GT, this statement is idiotic...     What the hell does house ruling AD&D or 3E have to do with the Trolls making a game!   

Also, if you think the creators of 3E intended for "house ruling" out skills and feats, or AD&Ds creator intended house ruling out the tables...your out of your mind.  Like I said, the house rules seen in these 2 games are relatively minor.  If you house rule past a certain point your no longer playing the game (and thats true with any game, be it D&D or Monopoly).


----------



## gideon_thorne (Dec 12, 2007)

Valiant said:
			
		

> I have never seen 1E played without the "to hit" (or thaco) and save tables, nor have I seen 3E played without feats and skills.   The degree of houseruling possible in both systems is much less then C&C (a game that encourages importing what you like from other systems upon its generic D20 mechanic).




I've seen both.
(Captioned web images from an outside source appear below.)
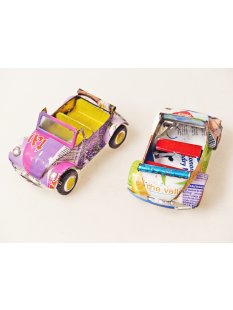 Volkswagen VW Käfer Cabrio 40 % reduziert = 12 cm...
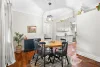 127 Ellen Brook Drive, The Vines, WA 6069-Image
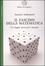 Cover of Il fascino della matematica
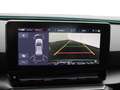 CUPRA Leon 1.4 e-Hybrid Business 245PK | Pano dak | Navigatie Wit - thumbnail 4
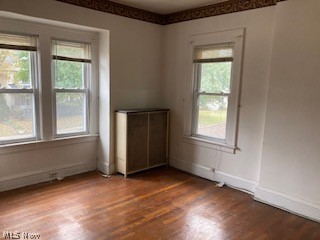 924 Herrick Road Cleveland, OH 44108 - Photo 15 of 18 Gallery Image 15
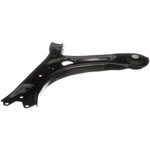 TC3590 Control Arm For Delphi. Fixed Price $160.80.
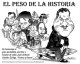 2 JAC El Peso de la historia - Caricaturas Encargo
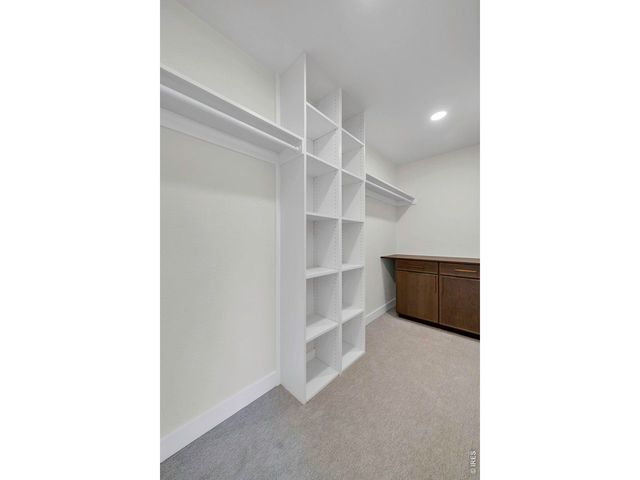 203 Lois Dr, Louisville, CO 80027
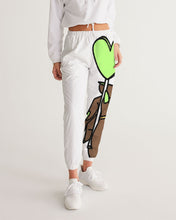 Load image into Gallery viewer, Kiwi Love Women&#39;s Track Pants
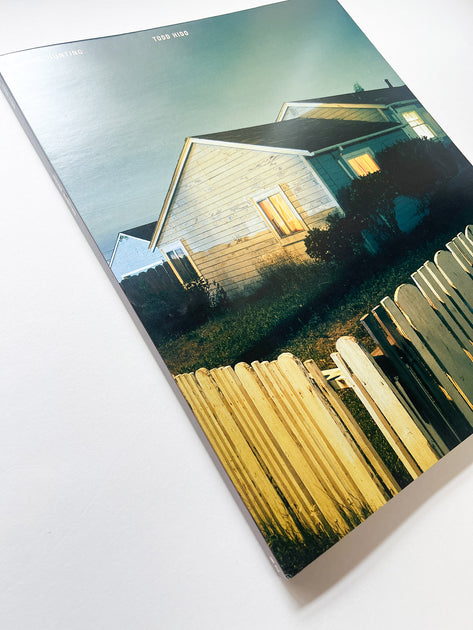 洋書 TODD HIDO /HOUSE HUNTING 洋書 TODD HIDO /HOUSE HUNTING TODD HIDO | House Hunting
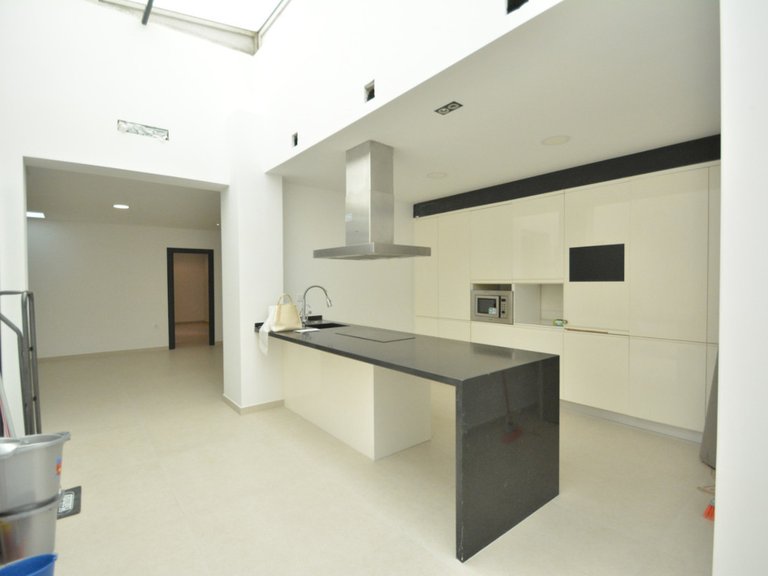 Villa for Sale in Los Montesinos, Alicante 7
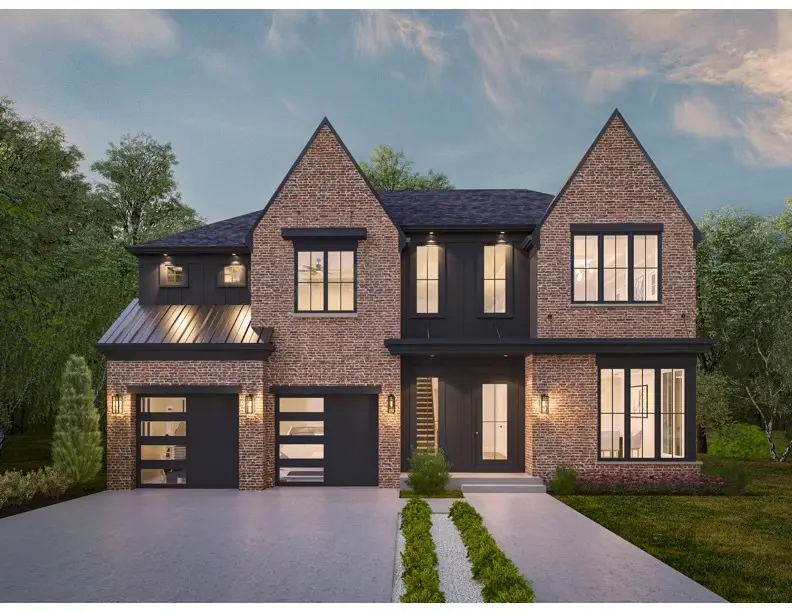 274 E Crescent Avenue, Elmhurst, IL 60126 - Image #1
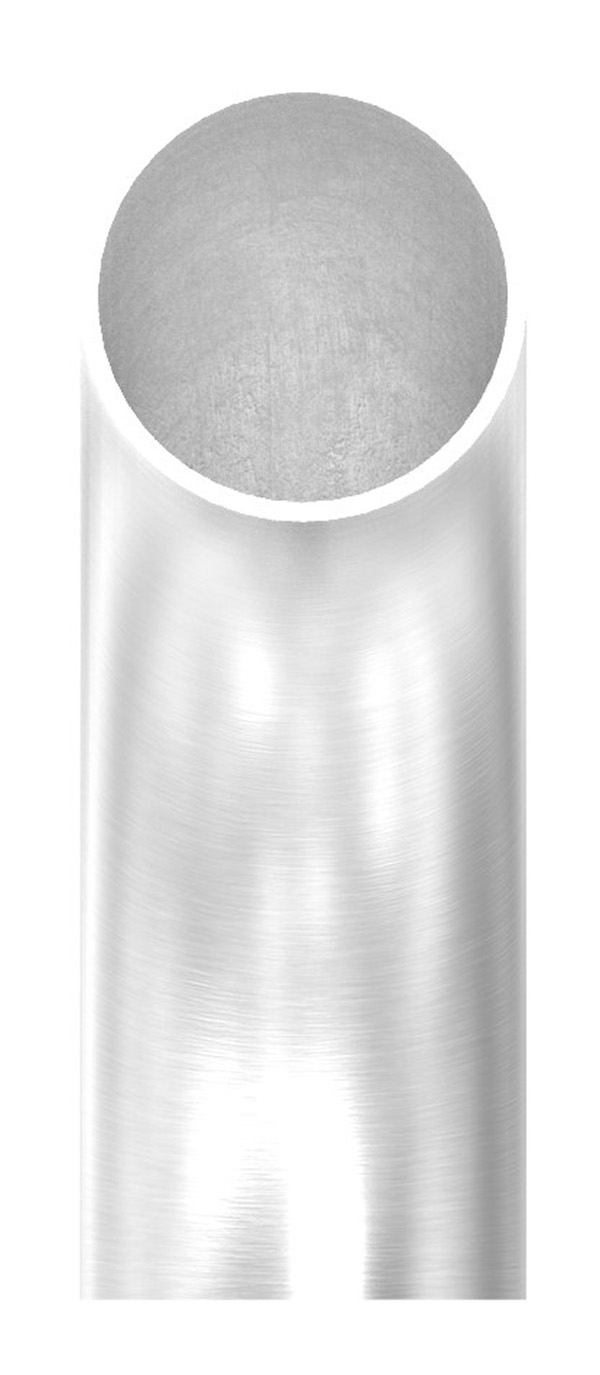 Schweissbogen 90°- 48-3 x 2-0mm- Bauart 5-88-1155204.240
I recall a fellow who retooled a few things in AD&D to where everything ran off of the combat system. This was back in the 80's. Class abilities, saves, background checks, all of it was modified to a 'to hit' variable AC number. He wanted less to keep track of.

I've also played in games with folks who ran 3e with a completely redone rules system where feats and skills were more abstract.
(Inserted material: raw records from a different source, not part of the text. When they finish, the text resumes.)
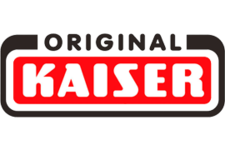 Kundenlogo Kaiser |  Paul Mühl GmbH - die Experten für Werbeartikel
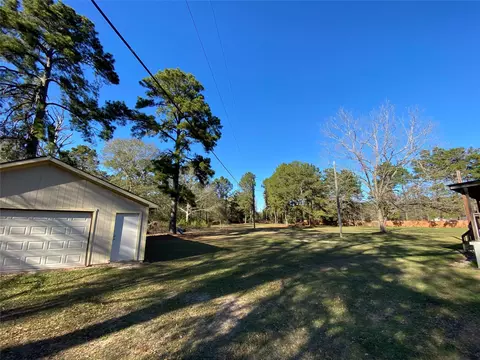 2581 Mann Rd, Conroe, TX 77303 photo 16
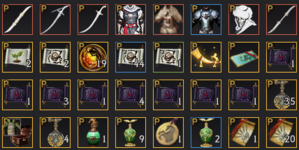 4.png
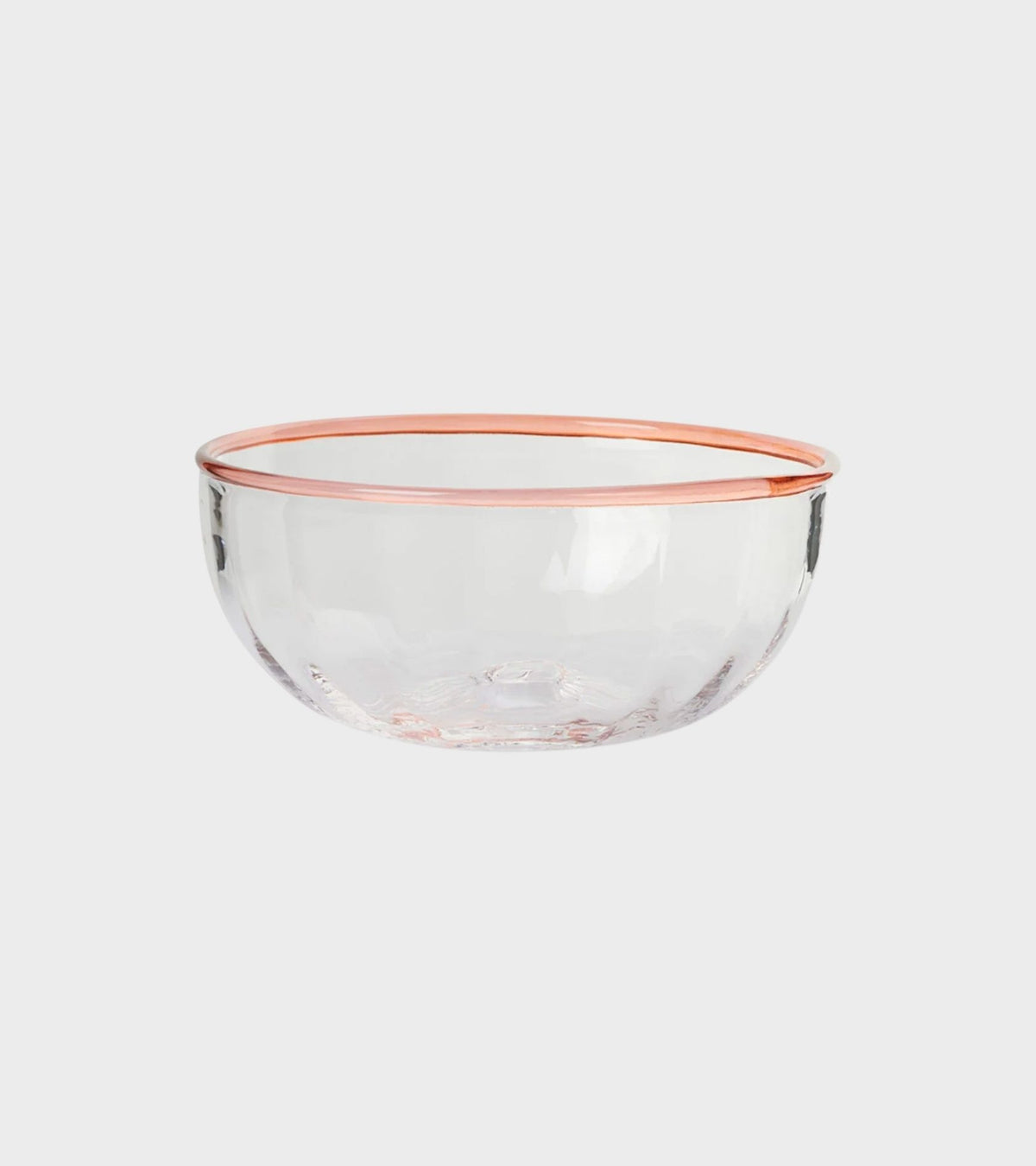 Peter Bowl Sunstone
I listen to people at local game shops and conventions all the time offer forth phrases like "I know you have all these books, but we're sticking to whats in this players book, plus some of my own modifications to make life easier on the DM. Me!"

It really isn't all that hard to do.

And OD&D and AD&D also encourage modification to suit. Again, the oft repeated mantra is readily debunked.


----------



## Dristram (Dec 12, 2007)

Valiant said:
			
		

> If this is the case, why not just play 3E, D20 light or 1E/OD&D?



I play C&C because it has that old AD&D feeling to me.  I don't play AD&D because I like the streamlined SIEGE mechanic.


----------



## Tharkun (Dec 12, 2007)

Philotomy Jurament said:
			
		

> Also, I don't agree that C&C falls into the "incomplete and demands house rules" category.  I think it is a complete and standalone system; it doesn't require house-rules.  It's very *easy* to house-rule and adapt, and many people do, but it isn't incomplete, as written.




So you're saying that I could recreate Star Trek, Star Wars, WWI, WWII, Post Apocyliptic, The Hitman PC game or Doom or Wolfenstein?  All without importing any rules or house ruling a single thing?  Please enlighten me as to how this can be done.

I'm curious as from what I've seen it's fantasy only that can be done.


----------



## Eridanis (Dec 12, 2007)

Please lay off terms like "idiotic"...


----------



## Dragon-Slayer (Dec 12, 2007)

C&C is complete for a simple fantasy game without a lot of frills. The game is easy to pick up and play and easy to teach others to play, which is a strong selling point to me. After buying the PHB, Monsters & Treasure and Castle Zagyg I sat down, read the rules, ran the game and sold off all my 3.x books, 4e will have to be spectacular for me to even consider looking at the books. I am not a rabid fanboy of C&C, I also run True 20 and WFRP2, and I am not a fan of the C&C art, but the game is great for roleplayers who want a clear rules system that is easy to run and allows players to roleplay from the start and not spend a lot of time looking up a variety of rules.


----------



## gideon_thorne (Dec 12, 2007)

Tharkun said:
			
		

> So you're saying that I could recreate Star Trek, Star Wars, WWI, WWII, Post Apocyliptic, The Hitman PC game or Doom or Wolfenstein?  All without importing any rules or house ruling a single thing?  Please enlighten me as to how this can be done.
> 
> I'm curious as from what I've seen it's fantasy only that can be done.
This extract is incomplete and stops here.